### WHAT IS REQUIRED:
Reproduce exactly the lines of this material that begin at the line with "FRIENDS Pastel Pink" and end at the line with "dragon on cliff wallpaper", both included. Omit the pictures and everything else.

### SOURCE RECORDS:
◆ ◆ ◆

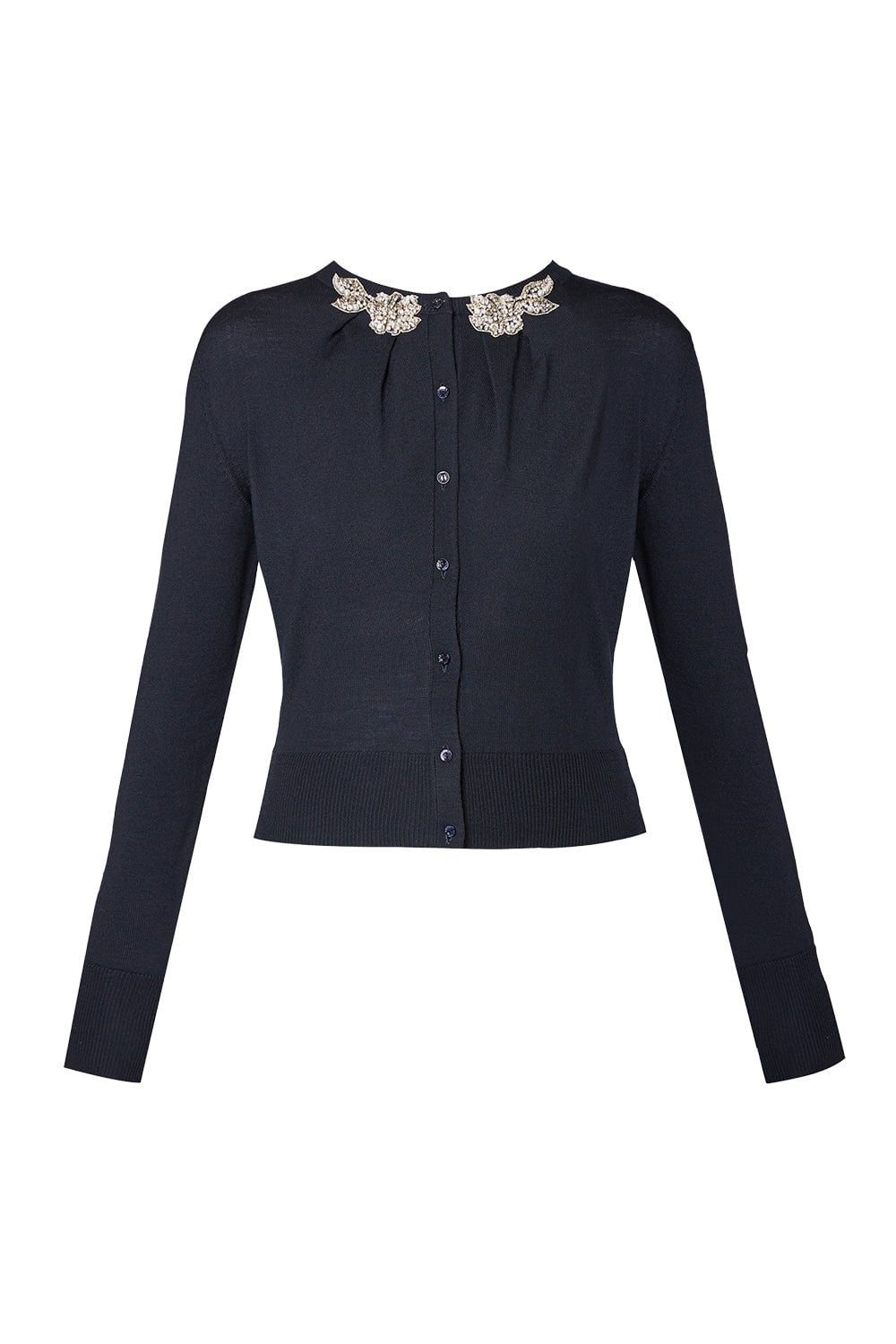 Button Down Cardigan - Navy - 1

◆ ◆ ◆

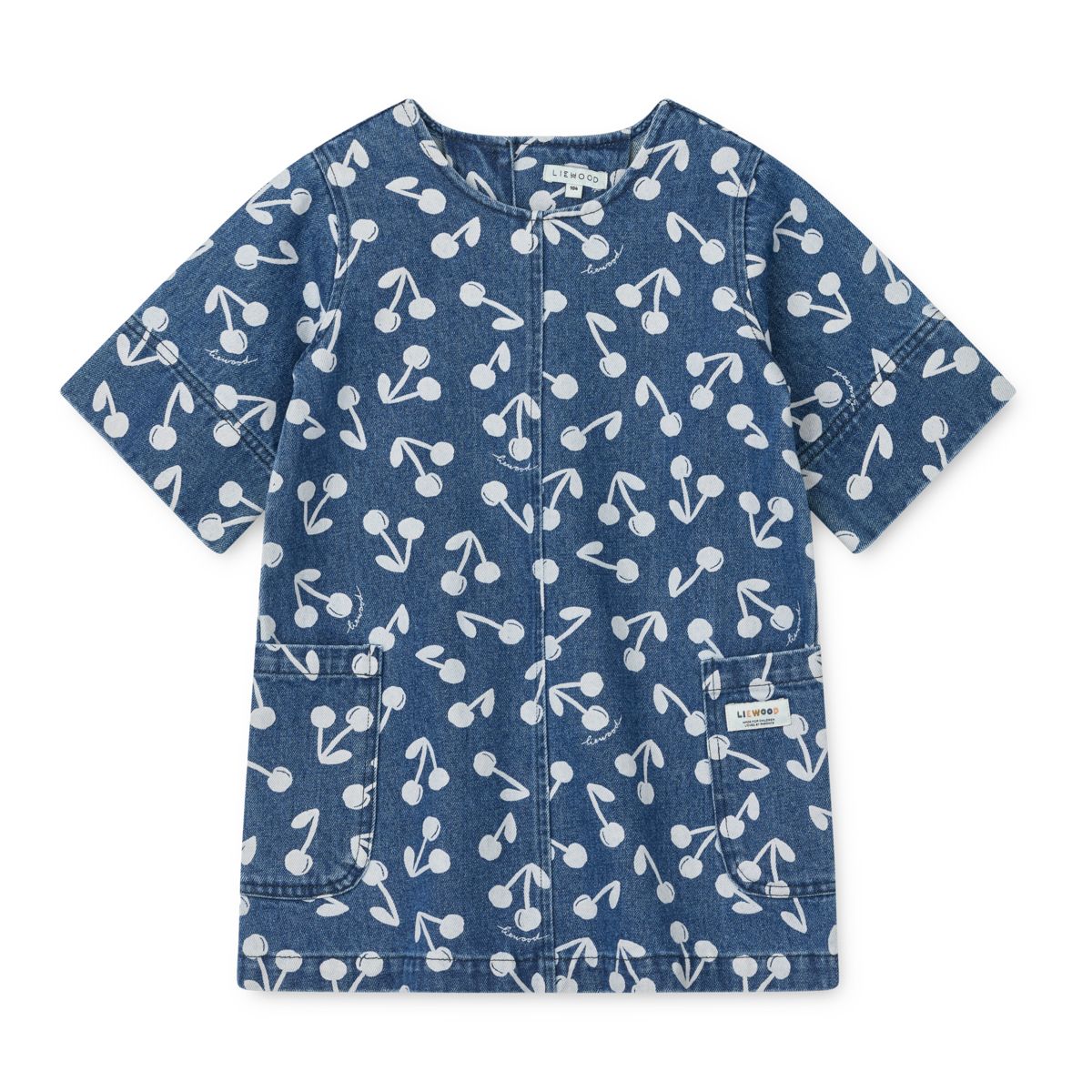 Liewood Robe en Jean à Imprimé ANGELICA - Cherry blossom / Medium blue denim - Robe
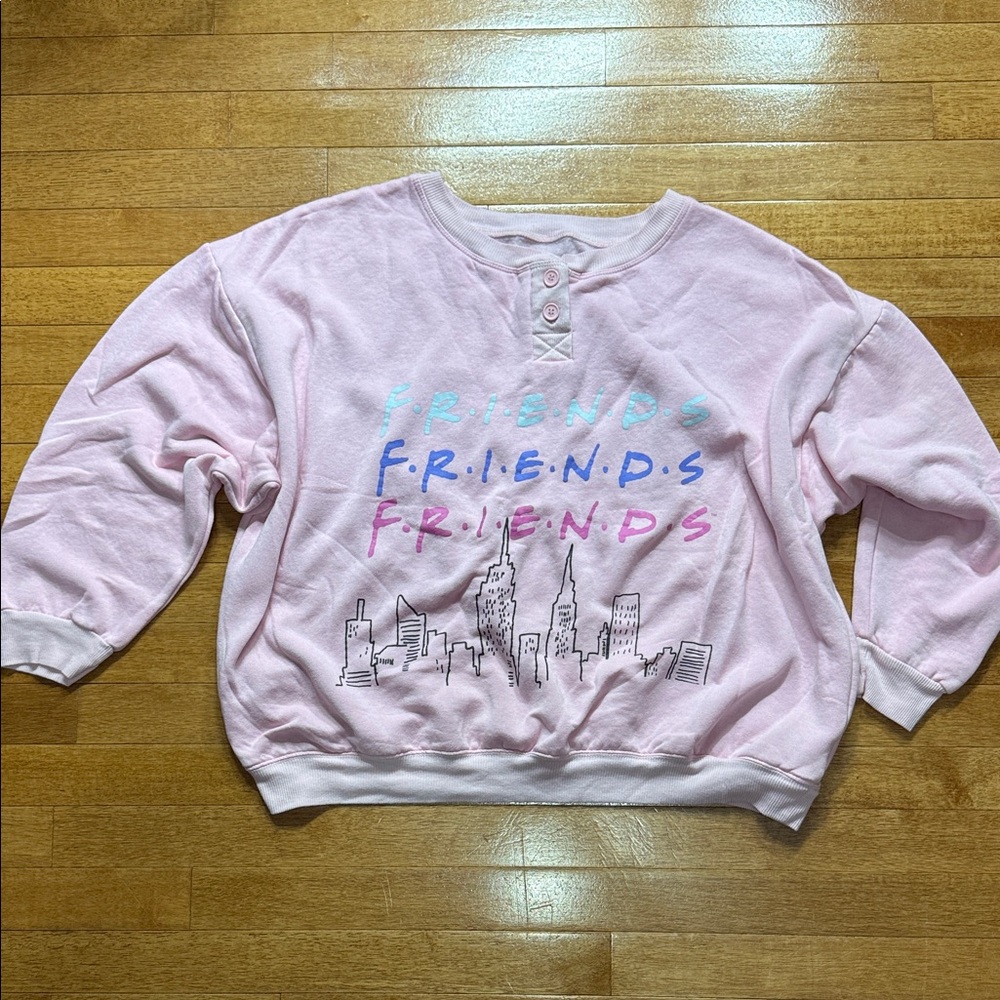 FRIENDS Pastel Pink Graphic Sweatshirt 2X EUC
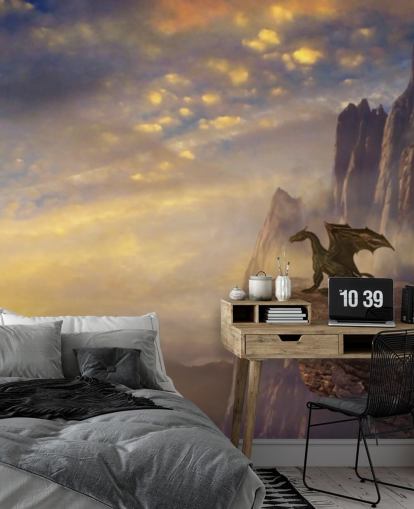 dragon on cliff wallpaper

◆ ◆ ◆

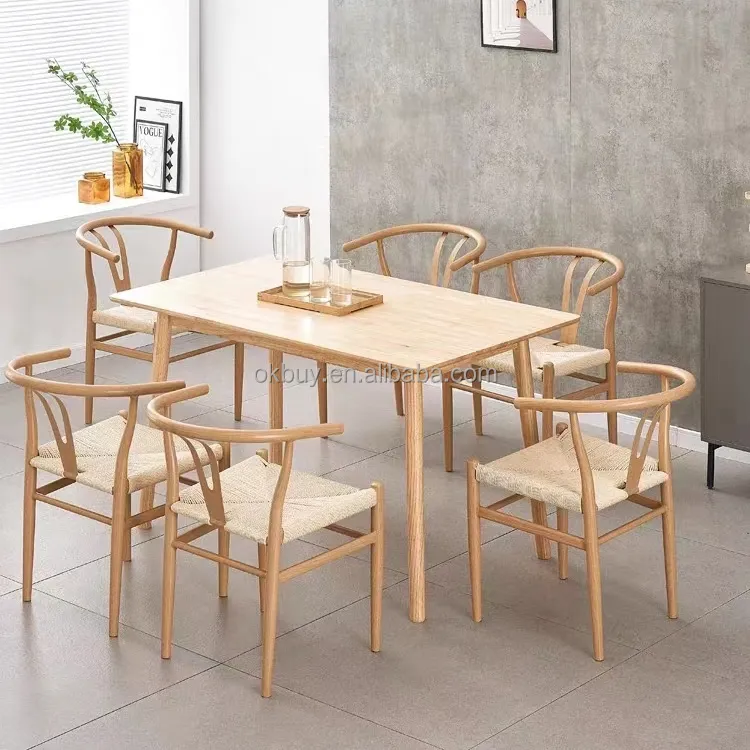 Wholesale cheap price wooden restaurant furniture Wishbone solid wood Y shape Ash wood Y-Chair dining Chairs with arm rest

◆ ◆ ◆

### SOLUTION TO THIS PROBLEM:
 FRIENDS Pastel Pink Graphic Sweatshirt 2X EUC
 dragon on cliff wallpaper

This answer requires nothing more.